* **EXERCISE DETAILS**
Output each record below exactly, leaving any picture out of the copy.

* **PROVIDED INFORMATION**

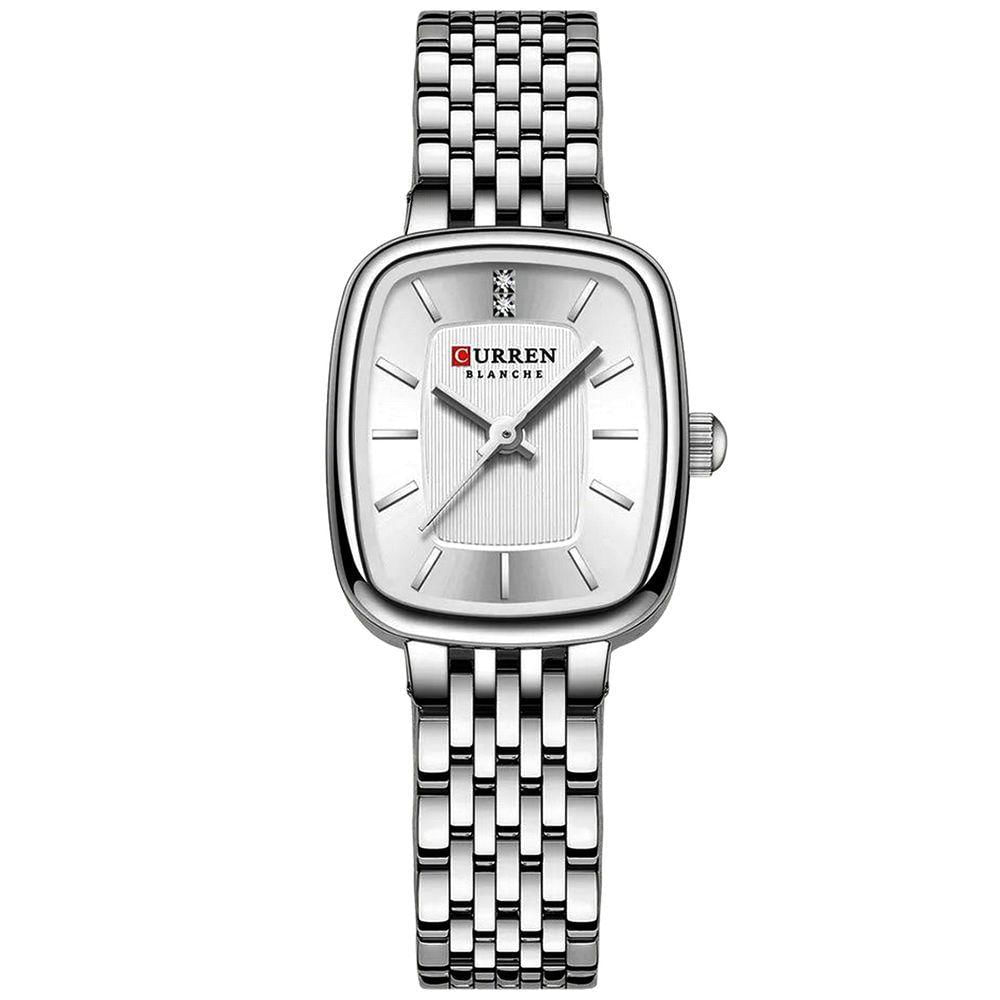 Relógio De Pulso Quartzo Feminino Design Elegante Strass Pulseira Em Aço Inoxidavel Branco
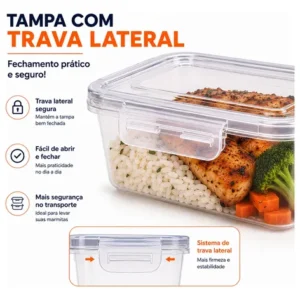 Kit 12 Potes Marmita Com Trava Lateral Freezer Microondas - Imagem 4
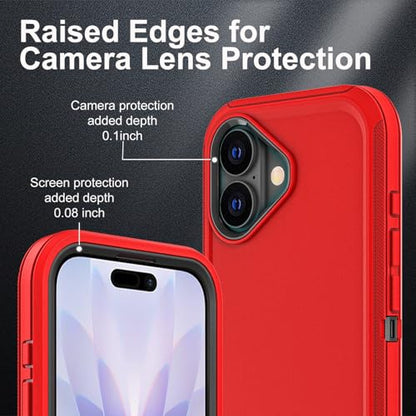 YKHJKLEC for iPhone 17 Case, Military Grade 3 in 1 Heavy Duty Shockproof/Drop Proof/Dust Proof Case with 2Pcs Tempered Glass Screen Protector (Red/Black) - color: Red/Black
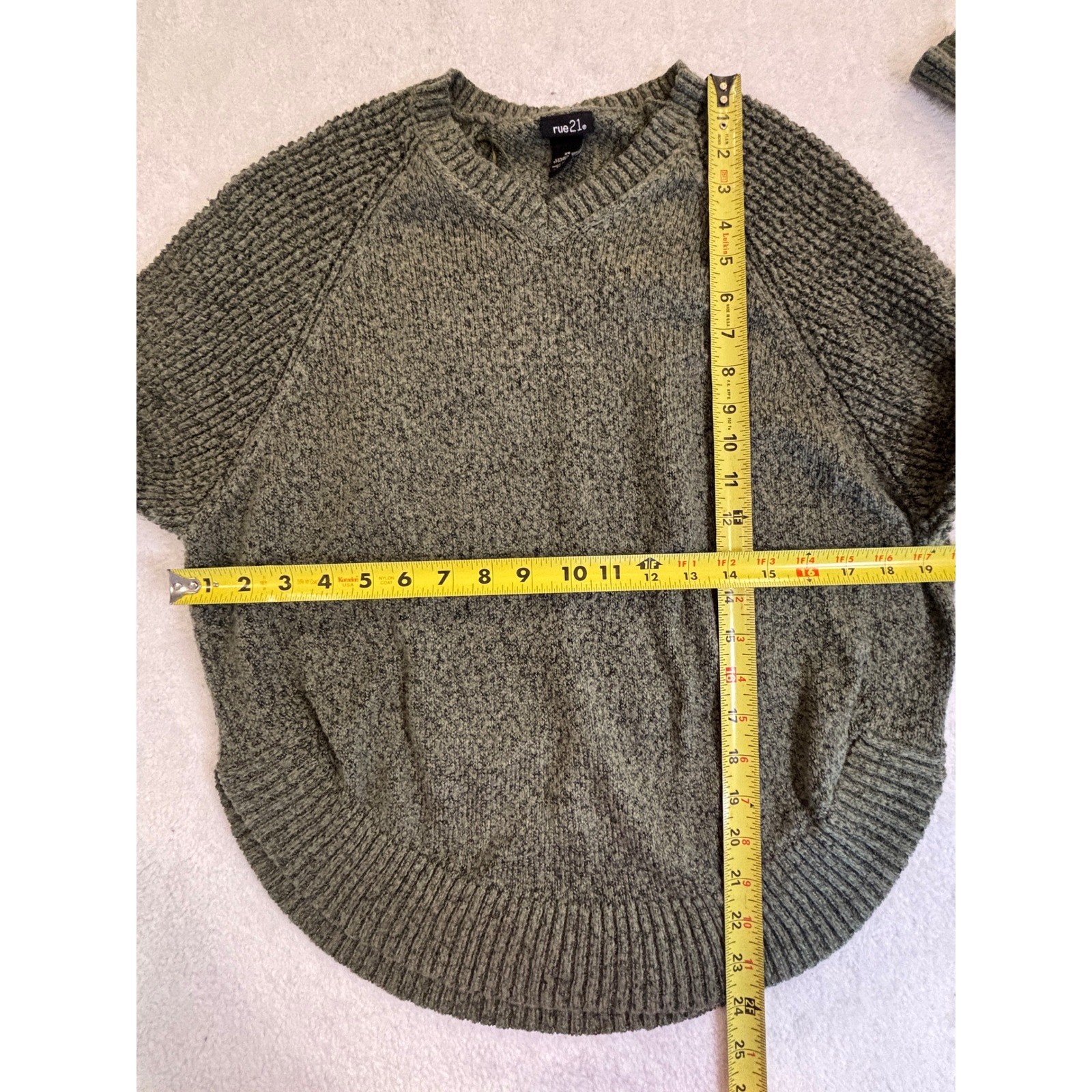 Rue21 Womens Olive Green Marl V-Neck Dolman Sleeve Knit Sweater XS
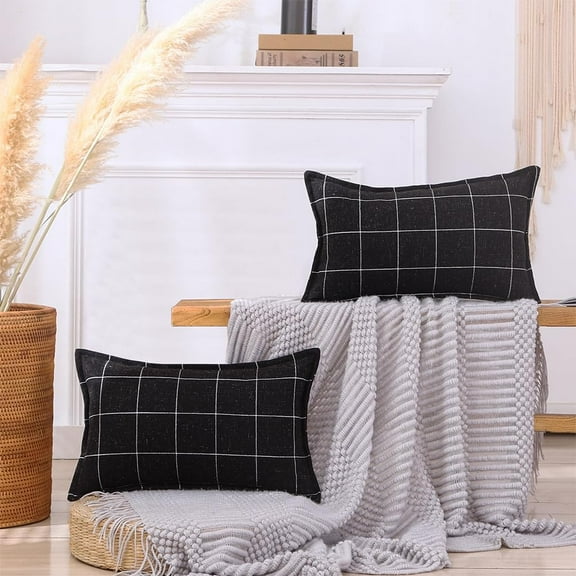 Black Boho Plaid Lumbar Pillow Covers 12x20 Set of 2, Black and White Woven Checkered Decorative Throw Pillows 12 x 20, Modern Farmhouse Decor for Living Room Couch and Bed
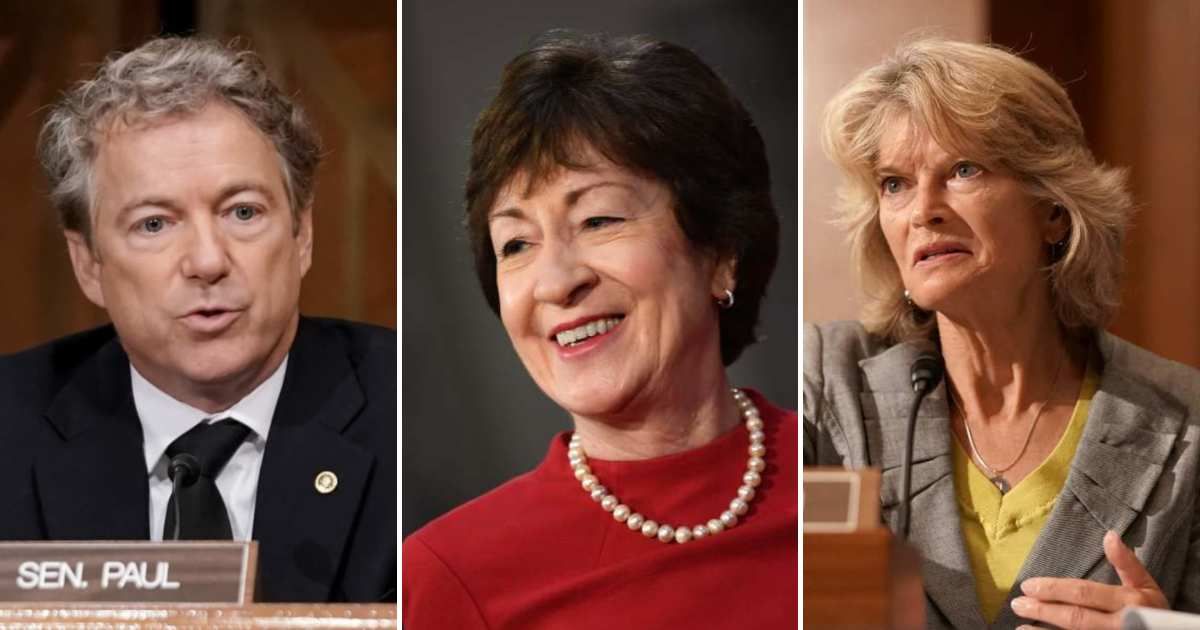 GOP Senators Rand Paul, Susan Collins, and Lisa Murkowski joined most Democrats in backing an effort to limit President Donald Trump's authority on Iran military action (Getty Images)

* **ANSWER TO THE EXERCISE**
 Relógio De Pulso Quartzo Feminino Design Elegante Strass Pulseira Em Aço Inoxidavel Branco
 Kit 12 Potes Marmita Com Trava Lateral Freezer Microondas - Imagem 4
 YKHJKLEC for iPhone 17 Case, Military Grade 3 in 1 Heavy Duty Shockproof/Drop Proof/Dust Proof Case with 2Pcs Tempered Glass Screen Protector (Red/Black) - color: Red/Black
 Rue21 Womens Olive Green Marl V-Neck Dolman Sleeve Knit Sweater XS
 Black Boho Plaid Lumbar Pillow Covers 12x20 Set of 2, Black and White Woven Checkered Decorative Throw Pillows 12 x 20, Modern Farmhouse Decor for Living Room Couch and Bed
 GOP Senators Rand Paul, Susan Collins, and Lisa Murkowski joined most Democrats in backing an effort to limit President Donald Trump's authority on Iran military action (Getty Images)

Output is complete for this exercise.